**What the task asks**
Once the line containing "When two objects" is located, output it and every line after it through the end of the records, exactly as written and nothing else.

**Study material**
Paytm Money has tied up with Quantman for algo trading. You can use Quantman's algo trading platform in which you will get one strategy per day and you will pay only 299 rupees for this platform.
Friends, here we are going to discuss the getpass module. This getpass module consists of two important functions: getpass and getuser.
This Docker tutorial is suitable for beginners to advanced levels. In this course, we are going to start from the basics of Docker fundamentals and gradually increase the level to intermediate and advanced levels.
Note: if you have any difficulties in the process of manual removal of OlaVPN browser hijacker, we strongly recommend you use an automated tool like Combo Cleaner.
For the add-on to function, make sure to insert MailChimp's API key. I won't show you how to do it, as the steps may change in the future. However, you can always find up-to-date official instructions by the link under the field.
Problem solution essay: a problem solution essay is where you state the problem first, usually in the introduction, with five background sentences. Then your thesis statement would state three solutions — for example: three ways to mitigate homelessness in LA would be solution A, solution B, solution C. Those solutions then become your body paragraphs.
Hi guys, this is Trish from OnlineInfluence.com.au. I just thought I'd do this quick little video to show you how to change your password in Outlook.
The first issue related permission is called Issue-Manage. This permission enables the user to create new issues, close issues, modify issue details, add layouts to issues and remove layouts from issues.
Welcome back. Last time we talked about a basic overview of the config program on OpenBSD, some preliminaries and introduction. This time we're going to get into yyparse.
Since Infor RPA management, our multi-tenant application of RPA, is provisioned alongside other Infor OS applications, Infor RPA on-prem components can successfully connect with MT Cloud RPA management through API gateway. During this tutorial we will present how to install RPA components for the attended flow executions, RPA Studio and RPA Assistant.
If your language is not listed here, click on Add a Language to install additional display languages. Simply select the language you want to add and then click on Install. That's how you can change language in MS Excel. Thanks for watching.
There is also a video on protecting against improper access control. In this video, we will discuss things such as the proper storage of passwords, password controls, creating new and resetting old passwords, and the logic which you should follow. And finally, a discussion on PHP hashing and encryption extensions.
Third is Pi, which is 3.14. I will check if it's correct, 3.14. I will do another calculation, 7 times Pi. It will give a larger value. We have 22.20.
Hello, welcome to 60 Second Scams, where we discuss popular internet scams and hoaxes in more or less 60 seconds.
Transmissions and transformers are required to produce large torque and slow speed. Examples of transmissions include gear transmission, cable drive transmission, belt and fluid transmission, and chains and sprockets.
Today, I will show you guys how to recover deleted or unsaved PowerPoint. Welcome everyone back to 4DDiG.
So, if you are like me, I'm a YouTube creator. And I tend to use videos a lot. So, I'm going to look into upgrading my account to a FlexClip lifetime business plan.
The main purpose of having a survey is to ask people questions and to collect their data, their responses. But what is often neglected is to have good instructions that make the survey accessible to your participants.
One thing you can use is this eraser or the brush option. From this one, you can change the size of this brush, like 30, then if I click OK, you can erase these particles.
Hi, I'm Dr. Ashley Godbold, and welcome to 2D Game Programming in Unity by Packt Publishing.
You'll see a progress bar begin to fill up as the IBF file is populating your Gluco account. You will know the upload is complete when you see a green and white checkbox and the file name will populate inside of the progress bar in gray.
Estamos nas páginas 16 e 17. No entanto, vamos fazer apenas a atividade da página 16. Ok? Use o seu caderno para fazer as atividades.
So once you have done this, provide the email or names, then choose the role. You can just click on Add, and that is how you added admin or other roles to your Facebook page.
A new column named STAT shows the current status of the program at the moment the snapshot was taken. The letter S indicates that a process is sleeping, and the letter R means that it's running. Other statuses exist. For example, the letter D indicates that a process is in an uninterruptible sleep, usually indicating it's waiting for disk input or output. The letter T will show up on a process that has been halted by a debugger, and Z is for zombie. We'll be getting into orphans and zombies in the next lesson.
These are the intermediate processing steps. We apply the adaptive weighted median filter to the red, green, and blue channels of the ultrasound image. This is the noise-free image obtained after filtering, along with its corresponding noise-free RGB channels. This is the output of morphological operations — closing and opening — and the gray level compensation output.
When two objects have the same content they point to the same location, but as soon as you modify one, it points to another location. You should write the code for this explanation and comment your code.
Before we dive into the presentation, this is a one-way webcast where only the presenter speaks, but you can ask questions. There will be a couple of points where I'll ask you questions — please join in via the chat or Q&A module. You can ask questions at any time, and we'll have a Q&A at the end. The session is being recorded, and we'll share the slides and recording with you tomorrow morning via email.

**Expected answer**
When two objects have the same content they point to the same location, but as soon as you modify one, it points to another location. You should write the code for this explanation and comment your code.
Before we dive into the presentation, this is a one-way webcast where only the presenter speaks, but you can ask questions. There will be a couple of points where I'll ask you questions — please join in via the chat or Q&A module. You can ask questions at any time, and we'll have a Q&A at the end. The session is being recorded, and we'll share the slides and recording with you tomorrow morning via email.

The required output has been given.